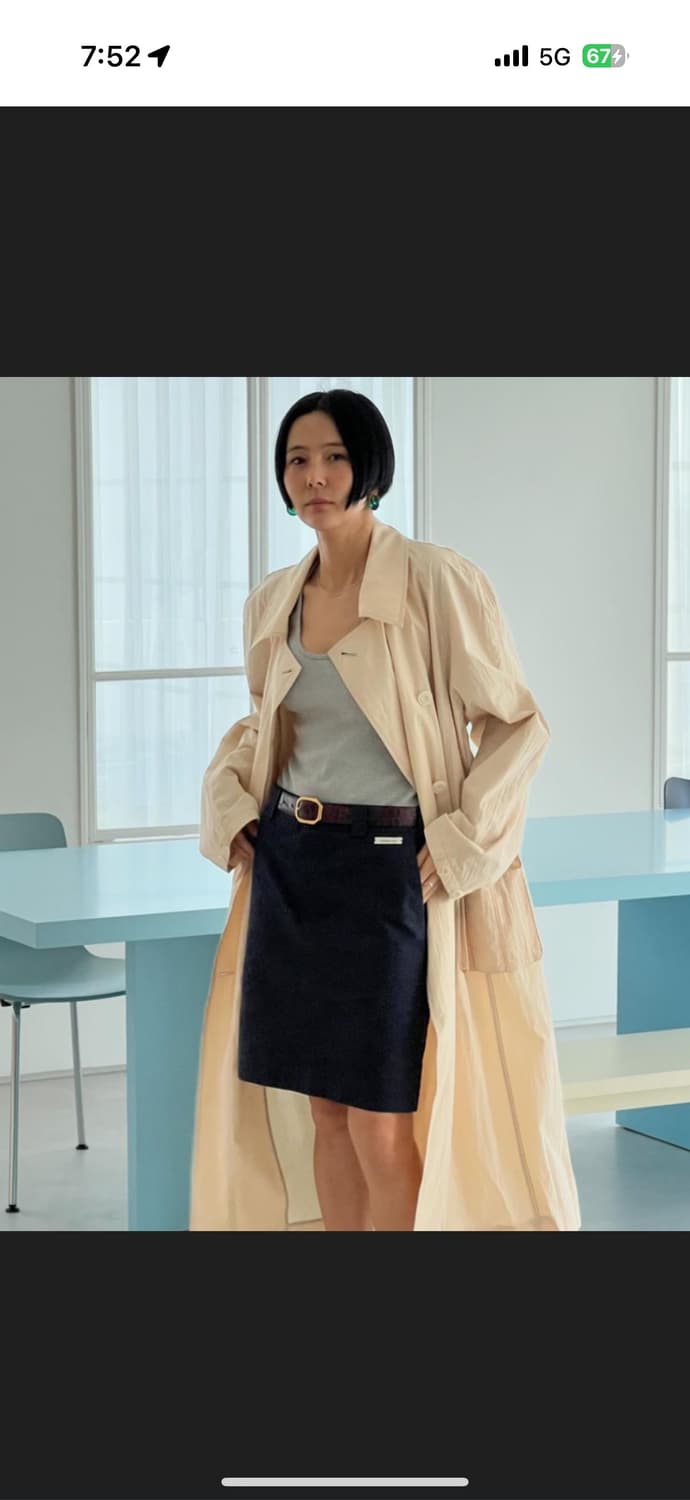 오버듀플레어 김나영트렌치 새상품 상품이미지1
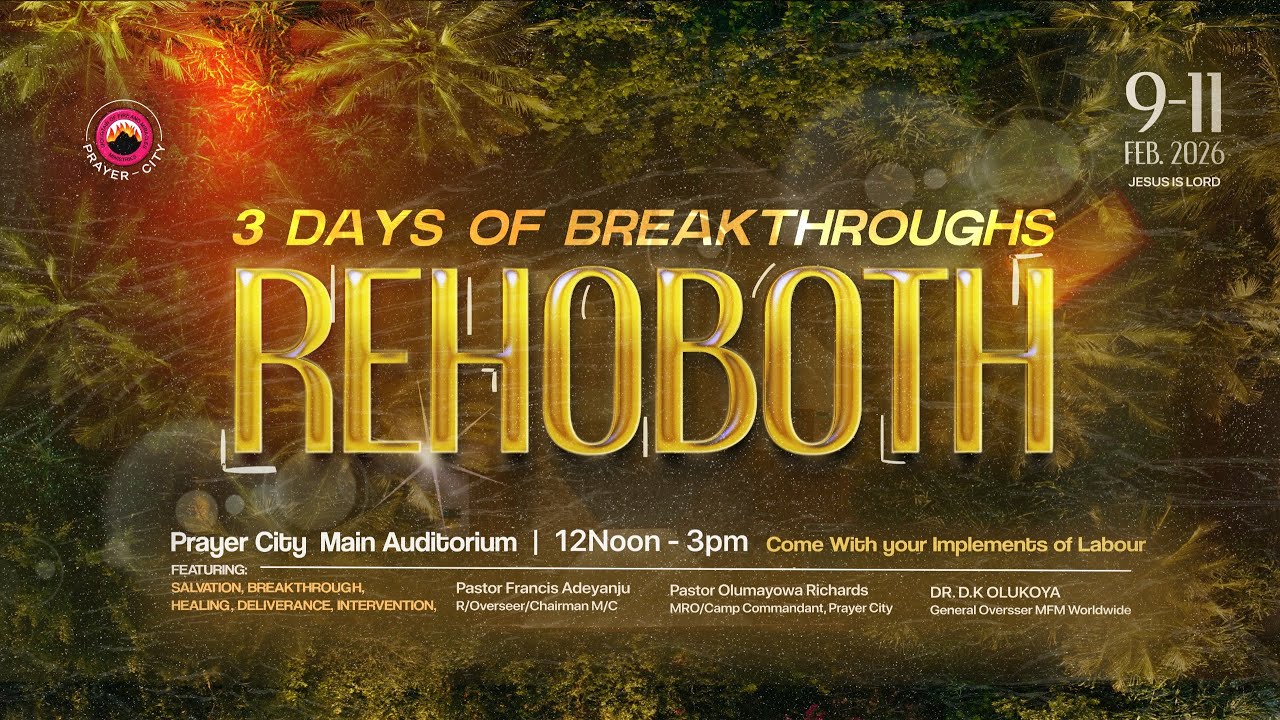 DAY 1 OF 3 DAYS OF BREAKTHROUGHS CLINIC || REHOBOTH (1) ||  09-02-2026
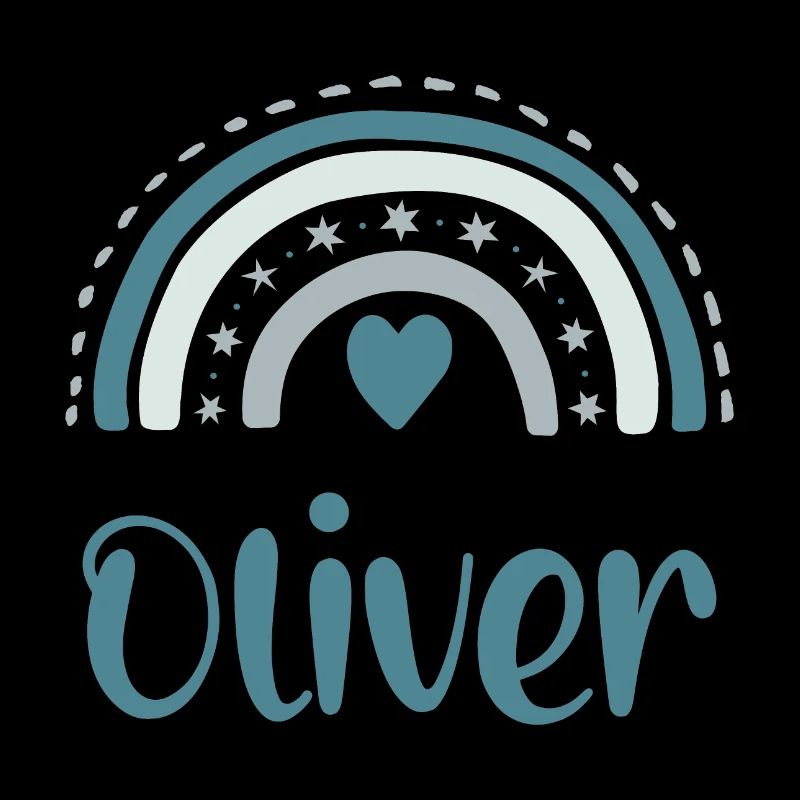 Oliver Name Rainbow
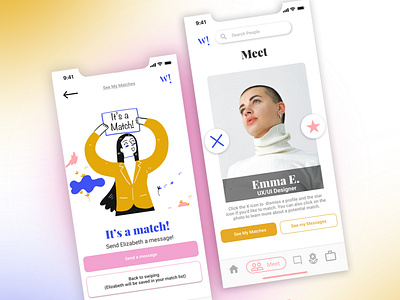 Women's Networking App UX UI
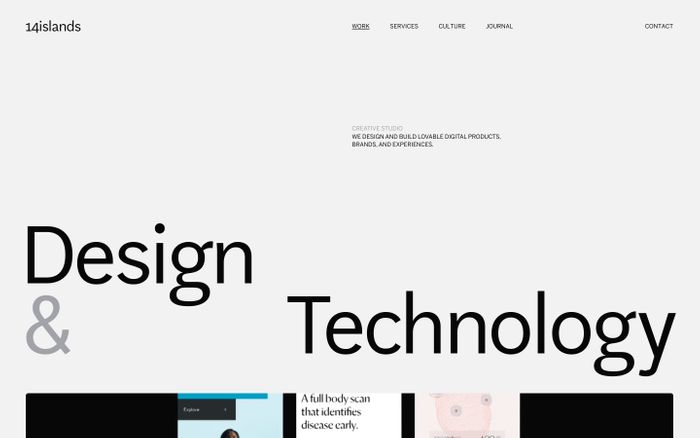 Inspirational website using Aften screen and Benton Sans font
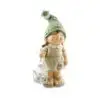 Decoratiune gradina ceramica fetita cu felinar 17x41 cm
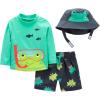 imageSimple Joys by Carters Toddlers and Baby Boys Swimsuit Trunk and Rashguard SetFrogs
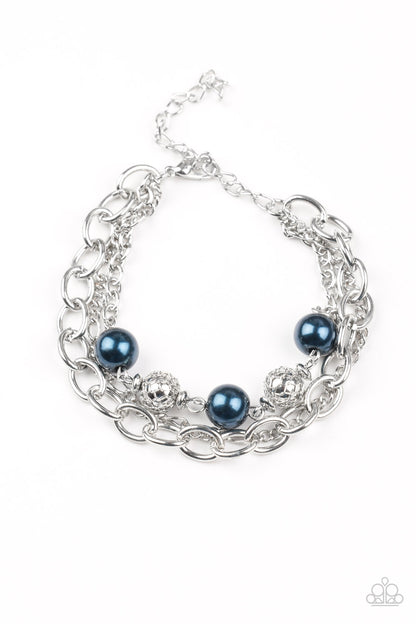 Paparazzi Vintage Variety Blue Clasp Bracelet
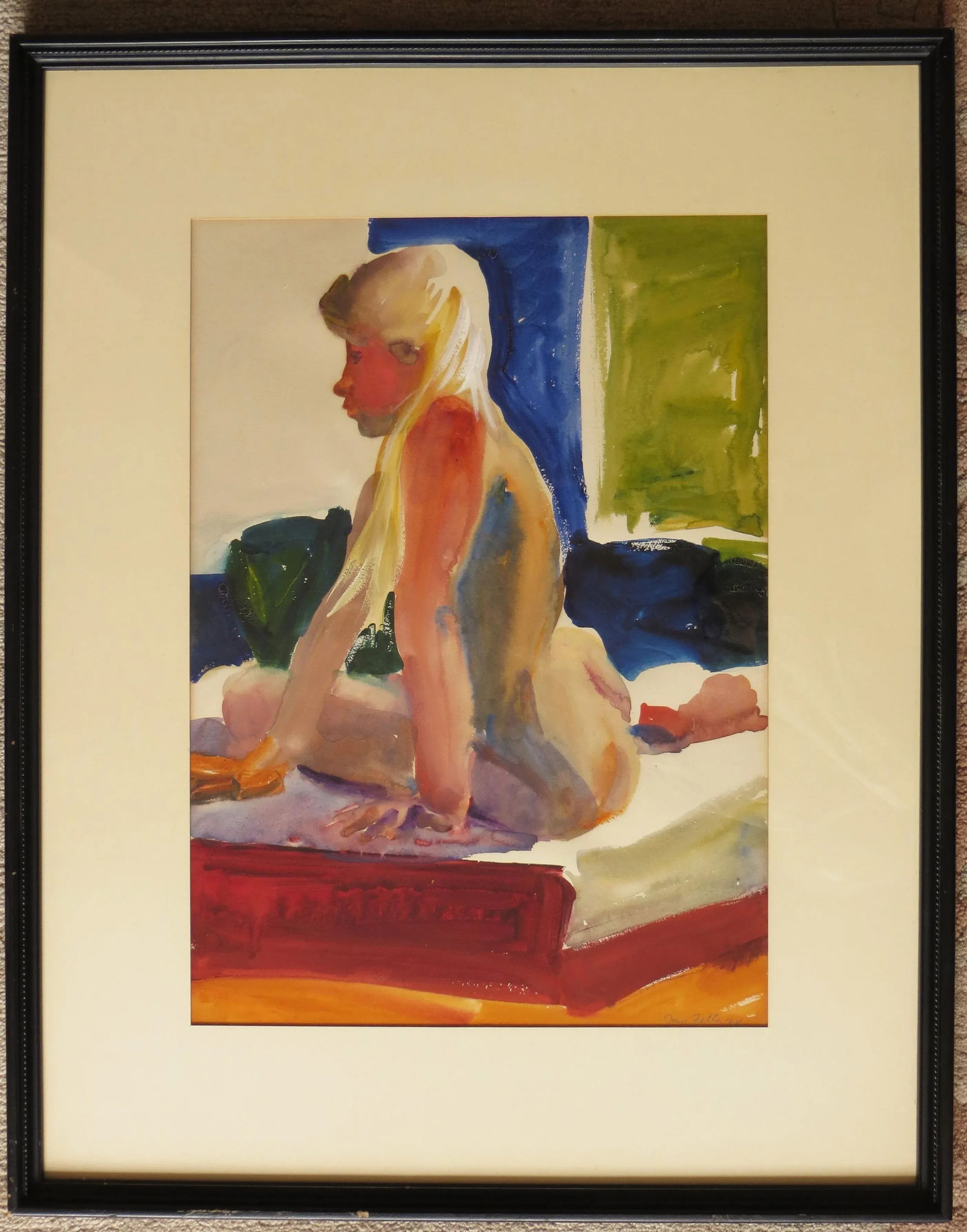 June Felter - Midcentury Bay Area Figurative Watercolor - 2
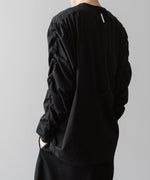 画像をギャラリービューアに読み込む, VEIN ヴェインのSUEDED CO JERSEY VESSEL L/S TEE - BLACKの公式通販サイトsession福岡セレクトショップ
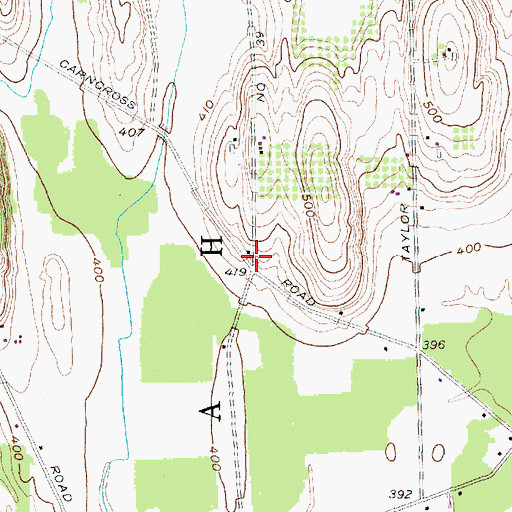 Topographic Map of School Number 2 (historical), NY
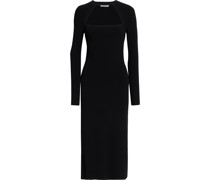 Midikeid aus Stretch-Strick mit Cut-outs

———

Instructions to follow
Omit all images when repeating the data above exactly.

The answer
 오버듀플레어 김나영트렌치 새상품 상품이미지1
 DAY 1 OF 3 DAYS OF BREAKTHROUGHS CLINIC || REHOBOTH (1) ||  09-02-2026
 Oliver Name Rainbow
 Women's Networking App UX UI
 Inspirational website using Aften screen and Benton Sans font
 Decoratiune gradina ceramica fetita cu felinar 17x41 cm
 imageSimple Joys by Carters Toddlers and Baby Boys Swimsuit Trunk and Rashguard SetFrogs
 Paparazzi Vintage Variety Blue Clasp Bracelet
 June Felter - Midcentury Bay Area Figurative Watercolor - 2
 画像をギャラリービューアに読み込む, VEIN ヴェインのSUEDED CO JERSEY VESSEL L/S TEE - BLACKの公式通販サイトsession福岡セレクトショップ
 Topographic Map of School Number 2 (historical), NY
 Midikeid aus Stretch-Strick mit Cut-outs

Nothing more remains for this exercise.